▶ _About this exercise_
Within the records below, reproduce without change the lines from the line that has "Glass cutting board Dark leaves" through the line that has "Personalised Polished Vermeil Bar Necklace", and only those.
(Input data begins)
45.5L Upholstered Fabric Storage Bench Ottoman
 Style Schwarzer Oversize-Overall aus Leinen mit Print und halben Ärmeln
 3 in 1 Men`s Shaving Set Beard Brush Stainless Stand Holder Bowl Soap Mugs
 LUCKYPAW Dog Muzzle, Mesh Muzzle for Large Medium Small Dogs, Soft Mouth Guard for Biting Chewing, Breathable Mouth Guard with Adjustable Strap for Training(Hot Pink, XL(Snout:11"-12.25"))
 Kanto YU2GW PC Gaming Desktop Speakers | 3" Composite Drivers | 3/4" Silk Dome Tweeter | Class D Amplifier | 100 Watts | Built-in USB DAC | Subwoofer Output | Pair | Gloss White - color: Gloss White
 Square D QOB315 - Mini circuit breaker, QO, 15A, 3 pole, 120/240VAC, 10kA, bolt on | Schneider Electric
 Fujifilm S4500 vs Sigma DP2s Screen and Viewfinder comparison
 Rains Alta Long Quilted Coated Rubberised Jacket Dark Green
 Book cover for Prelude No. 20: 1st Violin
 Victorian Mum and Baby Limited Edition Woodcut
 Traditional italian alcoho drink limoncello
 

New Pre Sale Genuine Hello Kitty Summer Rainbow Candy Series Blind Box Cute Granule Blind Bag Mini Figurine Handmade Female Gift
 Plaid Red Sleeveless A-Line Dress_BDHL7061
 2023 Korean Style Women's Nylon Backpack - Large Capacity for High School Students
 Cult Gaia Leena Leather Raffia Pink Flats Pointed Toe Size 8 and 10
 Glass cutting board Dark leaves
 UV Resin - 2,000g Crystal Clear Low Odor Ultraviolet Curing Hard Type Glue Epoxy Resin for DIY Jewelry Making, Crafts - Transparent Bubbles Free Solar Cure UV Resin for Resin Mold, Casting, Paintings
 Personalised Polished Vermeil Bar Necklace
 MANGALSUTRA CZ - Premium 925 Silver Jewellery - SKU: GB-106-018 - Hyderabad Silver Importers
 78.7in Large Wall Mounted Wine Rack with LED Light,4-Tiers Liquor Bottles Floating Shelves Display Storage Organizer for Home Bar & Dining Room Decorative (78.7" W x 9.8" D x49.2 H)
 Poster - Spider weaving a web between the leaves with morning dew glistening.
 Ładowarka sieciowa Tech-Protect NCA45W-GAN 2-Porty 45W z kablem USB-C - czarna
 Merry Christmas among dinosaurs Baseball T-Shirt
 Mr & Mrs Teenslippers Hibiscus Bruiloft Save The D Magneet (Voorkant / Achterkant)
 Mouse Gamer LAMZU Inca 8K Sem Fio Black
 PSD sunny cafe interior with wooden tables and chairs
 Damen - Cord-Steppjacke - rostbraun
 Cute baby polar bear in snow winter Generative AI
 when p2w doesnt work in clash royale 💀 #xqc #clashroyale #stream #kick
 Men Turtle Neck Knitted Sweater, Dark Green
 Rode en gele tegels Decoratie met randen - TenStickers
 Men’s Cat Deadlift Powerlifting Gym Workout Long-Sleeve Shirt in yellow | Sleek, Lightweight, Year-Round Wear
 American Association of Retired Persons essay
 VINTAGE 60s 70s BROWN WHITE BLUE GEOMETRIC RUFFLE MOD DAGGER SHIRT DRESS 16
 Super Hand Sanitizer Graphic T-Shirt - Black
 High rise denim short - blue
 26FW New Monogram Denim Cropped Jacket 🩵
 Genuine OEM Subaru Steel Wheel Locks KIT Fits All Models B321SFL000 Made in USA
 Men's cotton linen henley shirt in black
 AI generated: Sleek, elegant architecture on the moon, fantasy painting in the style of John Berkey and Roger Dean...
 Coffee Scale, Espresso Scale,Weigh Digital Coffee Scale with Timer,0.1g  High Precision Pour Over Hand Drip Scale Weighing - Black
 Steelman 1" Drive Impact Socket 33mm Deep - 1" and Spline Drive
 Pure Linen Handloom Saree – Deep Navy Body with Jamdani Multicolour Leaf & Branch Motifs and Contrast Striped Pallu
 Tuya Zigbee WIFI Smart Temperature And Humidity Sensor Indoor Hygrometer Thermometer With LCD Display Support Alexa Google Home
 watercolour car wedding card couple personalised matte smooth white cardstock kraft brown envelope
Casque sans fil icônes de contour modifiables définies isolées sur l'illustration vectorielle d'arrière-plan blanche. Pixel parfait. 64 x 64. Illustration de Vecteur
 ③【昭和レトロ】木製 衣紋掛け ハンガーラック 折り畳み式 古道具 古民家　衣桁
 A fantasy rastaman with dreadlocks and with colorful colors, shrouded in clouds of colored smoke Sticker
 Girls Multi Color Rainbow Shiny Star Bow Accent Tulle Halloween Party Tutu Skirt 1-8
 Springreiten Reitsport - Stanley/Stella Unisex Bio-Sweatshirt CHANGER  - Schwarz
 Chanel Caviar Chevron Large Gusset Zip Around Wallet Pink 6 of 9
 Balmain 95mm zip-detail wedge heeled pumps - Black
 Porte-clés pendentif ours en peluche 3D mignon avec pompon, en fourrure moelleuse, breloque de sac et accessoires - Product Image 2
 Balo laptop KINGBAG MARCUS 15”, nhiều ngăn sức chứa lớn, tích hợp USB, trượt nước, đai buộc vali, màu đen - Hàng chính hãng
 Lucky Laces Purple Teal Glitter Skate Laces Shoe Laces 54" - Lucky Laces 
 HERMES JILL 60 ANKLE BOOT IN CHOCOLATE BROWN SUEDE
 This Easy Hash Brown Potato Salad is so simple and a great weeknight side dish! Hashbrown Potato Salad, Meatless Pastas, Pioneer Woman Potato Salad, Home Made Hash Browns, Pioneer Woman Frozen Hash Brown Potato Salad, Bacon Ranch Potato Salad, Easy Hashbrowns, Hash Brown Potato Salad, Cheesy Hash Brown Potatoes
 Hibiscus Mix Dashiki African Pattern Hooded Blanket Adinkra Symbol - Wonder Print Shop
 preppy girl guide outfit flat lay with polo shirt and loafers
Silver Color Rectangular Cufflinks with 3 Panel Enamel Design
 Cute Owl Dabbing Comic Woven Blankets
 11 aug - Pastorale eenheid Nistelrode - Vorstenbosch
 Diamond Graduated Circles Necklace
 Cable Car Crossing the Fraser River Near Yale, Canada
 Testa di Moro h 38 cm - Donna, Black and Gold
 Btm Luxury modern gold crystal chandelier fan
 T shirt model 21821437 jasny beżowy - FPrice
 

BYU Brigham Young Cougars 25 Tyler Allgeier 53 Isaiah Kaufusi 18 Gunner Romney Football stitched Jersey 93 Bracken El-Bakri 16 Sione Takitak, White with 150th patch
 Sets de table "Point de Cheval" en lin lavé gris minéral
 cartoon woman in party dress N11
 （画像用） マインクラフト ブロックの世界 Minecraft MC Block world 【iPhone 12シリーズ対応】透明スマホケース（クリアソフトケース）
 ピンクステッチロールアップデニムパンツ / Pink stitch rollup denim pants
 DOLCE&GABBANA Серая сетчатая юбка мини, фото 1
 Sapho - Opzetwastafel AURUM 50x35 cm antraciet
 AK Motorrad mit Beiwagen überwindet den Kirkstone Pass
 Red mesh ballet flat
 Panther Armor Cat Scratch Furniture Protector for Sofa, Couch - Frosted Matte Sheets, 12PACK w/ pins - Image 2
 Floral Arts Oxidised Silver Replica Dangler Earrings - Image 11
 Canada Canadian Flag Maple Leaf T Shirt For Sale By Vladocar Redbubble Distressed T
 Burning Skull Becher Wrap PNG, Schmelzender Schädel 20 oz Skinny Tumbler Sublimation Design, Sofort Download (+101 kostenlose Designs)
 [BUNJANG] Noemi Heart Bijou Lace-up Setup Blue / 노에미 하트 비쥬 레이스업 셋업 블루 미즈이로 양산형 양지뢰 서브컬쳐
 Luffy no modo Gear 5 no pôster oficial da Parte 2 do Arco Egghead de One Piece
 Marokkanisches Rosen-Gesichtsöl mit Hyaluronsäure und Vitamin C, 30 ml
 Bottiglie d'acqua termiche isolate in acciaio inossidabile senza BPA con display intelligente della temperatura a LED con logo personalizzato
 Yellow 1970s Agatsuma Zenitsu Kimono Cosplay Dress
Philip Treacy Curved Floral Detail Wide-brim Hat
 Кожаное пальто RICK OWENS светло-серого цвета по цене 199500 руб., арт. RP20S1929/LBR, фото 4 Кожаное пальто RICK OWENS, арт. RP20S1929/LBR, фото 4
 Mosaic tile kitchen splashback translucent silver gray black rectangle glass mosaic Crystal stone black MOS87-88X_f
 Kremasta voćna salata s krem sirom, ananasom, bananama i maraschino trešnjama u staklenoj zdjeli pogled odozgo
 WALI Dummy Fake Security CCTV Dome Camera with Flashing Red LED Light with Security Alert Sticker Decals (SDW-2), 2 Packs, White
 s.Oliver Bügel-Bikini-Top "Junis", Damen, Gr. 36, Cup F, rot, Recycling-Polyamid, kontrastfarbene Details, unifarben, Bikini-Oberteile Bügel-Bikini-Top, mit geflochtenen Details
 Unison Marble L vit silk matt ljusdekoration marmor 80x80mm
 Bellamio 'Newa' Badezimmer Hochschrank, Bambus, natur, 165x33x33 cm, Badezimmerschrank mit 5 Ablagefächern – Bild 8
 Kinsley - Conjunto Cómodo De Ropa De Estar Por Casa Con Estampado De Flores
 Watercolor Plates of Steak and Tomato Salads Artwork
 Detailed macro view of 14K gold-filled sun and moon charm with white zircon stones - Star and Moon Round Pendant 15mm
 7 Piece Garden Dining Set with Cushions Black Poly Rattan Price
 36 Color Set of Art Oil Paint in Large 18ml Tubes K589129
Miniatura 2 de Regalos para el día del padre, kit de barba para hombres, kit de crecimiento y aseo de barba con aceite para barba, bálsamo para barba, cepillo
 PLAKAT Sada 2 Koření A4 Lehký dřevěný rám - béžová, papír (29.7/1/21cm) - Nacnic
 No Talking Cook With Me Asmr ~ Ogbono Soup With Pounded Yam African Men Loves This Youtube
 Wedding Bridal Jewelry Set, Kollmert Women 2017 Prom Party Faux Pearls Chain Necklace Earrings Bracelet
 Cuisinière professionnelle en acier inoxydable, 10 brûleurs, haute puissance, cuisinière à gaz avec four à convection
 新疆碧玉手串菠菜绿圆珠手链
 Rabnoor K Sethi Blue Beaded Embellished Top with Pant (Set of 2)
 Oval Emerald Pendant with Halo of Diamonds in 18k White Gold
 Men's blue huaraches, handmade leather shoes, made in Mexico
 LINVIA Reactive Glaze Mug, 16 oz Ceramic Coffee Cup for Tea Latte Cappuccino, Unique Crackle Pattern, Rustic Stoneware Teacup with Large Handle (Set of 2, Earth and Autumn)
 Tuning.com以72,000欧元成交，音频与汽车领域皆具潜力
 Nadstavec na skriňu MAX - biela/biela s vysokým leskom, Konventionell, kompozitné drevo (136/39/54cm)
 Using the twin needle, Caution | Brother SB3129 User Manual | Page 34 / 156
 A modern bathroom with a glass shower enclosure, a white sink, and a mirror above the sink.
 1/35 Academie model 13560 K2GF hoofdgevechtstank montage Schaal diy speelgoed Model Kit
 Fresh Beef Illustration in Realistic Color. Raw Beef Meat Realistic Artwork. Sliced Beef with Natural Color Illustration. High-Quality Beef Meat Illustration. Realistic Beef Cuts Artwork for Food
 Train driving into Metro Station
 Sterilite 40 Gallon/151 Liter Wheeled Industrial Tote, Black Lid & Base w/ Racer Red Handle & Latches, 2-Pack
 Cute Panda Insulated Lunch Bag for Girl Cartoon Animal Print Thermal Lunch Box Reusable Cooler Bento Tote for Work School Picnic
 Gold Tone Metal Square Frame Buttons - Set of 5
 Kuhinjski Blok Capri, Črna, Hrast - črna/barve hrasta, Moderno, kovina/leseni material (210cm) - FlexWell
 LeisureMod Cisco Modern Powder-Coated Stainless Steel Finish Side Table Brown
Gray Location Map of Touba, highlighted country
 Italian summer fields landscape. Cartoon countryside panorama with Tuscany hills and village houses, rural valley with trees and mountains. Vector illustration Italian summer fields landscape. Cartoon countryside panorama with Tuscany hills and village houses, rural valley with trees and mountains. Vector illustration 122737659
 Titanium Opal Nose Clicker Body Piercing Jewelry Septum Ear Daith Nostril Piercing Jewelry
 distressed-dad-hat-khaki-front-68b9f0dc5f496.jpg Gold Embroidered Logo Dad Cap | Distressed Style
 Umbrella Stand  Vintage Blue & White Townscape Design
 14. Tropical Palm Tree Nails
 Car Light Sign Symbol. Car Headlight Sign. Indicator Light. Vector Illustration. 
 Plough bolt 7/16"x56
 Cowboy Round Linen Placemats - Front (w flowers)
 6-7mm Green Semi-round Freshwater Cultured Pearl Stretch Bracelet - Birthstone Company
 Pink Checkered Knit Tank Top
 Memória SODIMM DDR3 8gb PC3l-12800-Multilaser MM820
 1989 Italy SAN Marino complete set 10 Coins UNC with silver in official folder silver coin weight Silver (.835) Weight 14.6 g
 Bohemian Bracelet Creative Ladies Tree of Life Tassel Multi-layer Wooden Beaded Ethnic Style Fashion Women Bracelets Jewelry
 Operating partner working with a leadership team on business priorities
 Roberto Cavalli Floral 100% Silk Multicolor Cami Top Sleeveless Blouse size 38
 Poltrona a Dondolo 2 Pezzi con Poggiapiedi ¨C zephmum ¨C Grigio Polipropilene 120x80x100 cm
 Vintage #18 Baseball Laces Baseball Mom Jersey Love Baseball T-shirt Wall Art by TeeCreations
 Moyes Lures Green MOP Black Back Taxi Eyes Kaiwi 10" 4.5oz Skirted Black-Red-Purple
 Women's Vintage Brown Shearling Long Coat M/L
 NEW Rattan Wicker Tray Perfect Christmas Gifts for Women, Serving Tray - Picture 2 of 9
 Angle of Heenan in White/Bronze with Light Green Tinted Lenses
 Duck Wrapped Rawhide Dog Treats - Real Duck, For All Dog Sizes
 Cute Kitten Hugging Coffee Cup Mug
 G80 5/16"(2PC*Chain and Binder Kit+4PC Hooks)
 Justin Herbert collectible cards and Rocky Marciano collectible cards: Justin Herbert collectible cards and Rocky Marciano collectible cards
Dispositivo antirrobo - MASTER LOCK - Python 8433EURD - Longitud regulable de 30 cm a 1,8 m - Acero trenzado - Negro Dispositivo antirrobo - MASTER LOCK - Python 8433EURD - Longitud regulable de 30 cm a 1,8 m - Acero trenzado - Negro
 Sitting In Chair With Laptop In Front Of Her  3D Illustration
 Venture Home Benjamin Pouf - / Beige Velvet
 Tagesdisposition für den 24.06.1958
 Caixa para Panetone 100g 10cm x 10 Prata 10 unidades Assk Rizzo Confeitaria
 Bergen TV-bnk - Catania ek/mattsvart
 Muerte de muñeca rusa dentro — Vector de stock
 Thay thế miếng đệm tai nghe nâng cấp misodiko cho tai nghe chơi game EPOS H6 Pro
(Input data ends)
▶ _Answer to this exercise_
 Glass cutting board Dark leaves
 UV Resin - 2,000g Crystal Clear Low Odor Ultraviolet Curing Hard Type Glue Epoxy Resin for DIY Jewelry Making, Crafts - Transparent Bubbles Free Solar Cure UV Resin for Resin Mold, Casting, Paintings
 Personalised Polished Vermeil Bar Necklace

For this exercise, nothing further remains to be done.